El acto consumado, en este caso, la penetración recíproca, se realizó con mi primo Orlando. Yo tenía unos ocho años y él tenía doce. Me fascinaba el sexo de Orlando y él se complacía en mostrármelo cada vez que le era posible; era algo grande, oscuro, cuya piel, una vez erecto, se descorría y mostraba un glande rosado que pedía, con pequeños saltos, ser acariciado. Una vez, mientras estábamos encaramados en una mata de ciruela, Orlando me mostraba su hermoso glande cuando se le cayó el sombrero; todos éramos guajiros con sombrero. Yo me apoderé del suyo, eché a correr y me escondí detrás de una planta, en un lugar apartado; él comprendió exactamente lo que yo quería; nos bajamos los pantalones y empezamos a masturbamos. La cosa consistió en que él me la metió y después, a petición suya, yo se la metí a él; todo esto entre un vuelo de moscas y otros insectos que, al parecer, también querían participar en el festín.

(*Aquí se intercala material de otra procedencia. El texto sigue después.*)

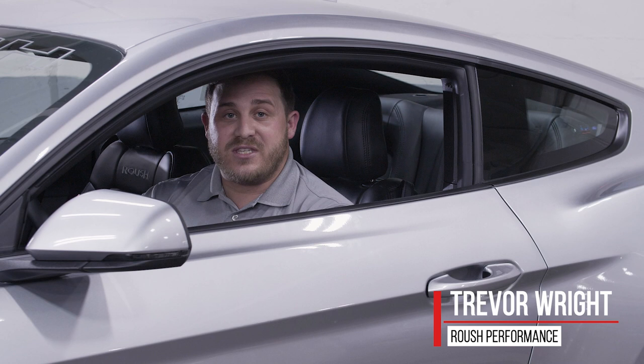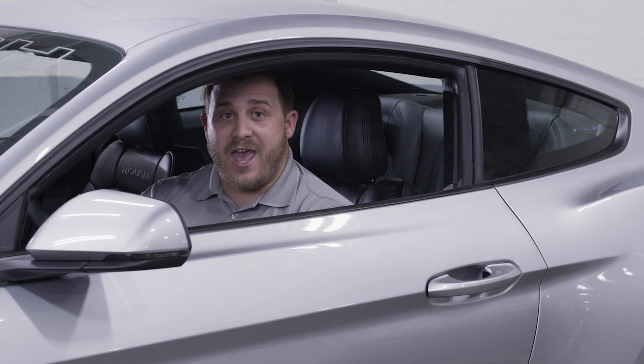Hey guys, we're hanging out here at Roush Performance, and I want to let you in on this newest feature. Our team has engineered this exclusively for our Roush R3 Mustang and Roush Supercharger kit. Let me walk you through it.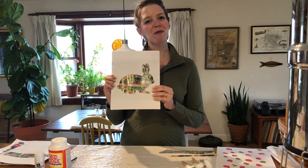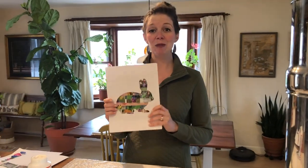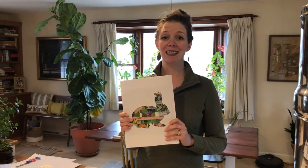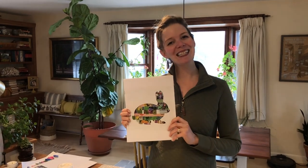So that is our fun springtime craft for you this week! I hope you have fun creating this, and if you do make a bunny, tag us and let us know — we'd love to see what you're creating at home. We'll see you again soon!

Cuando terminamos, yo me sentía absolutamente culpable, pero no completamente satisfecho; sentía un enorme miedo y me parecía que habíamos hecho algo terrible, que de alguna forma me había condenado para el resto de mi vida. Orlando se tiró en la hierba y a los pocos minutos los dos estábamos de nuevo retozando. «Ahora sí que no tengo escapatoria», pensé o creo que pensé, mientras, agachado, Orlando me cogía por detrás. Mientras Orlando me la metía, yo pensaba en mi madre, en todo aquello que ella durante tantos años jamás había hecho con un hombre y yo hacía allí mismo, en la arboleda, al alcance de su voz que ya me llamaba para comer. Corriendo me desenganché de Orlando y corrí para la casa. Desde luego, ninguno de los dos habíamos eyaculado. En realidad, creo que lo único que había satisfecho era mi curiosidad.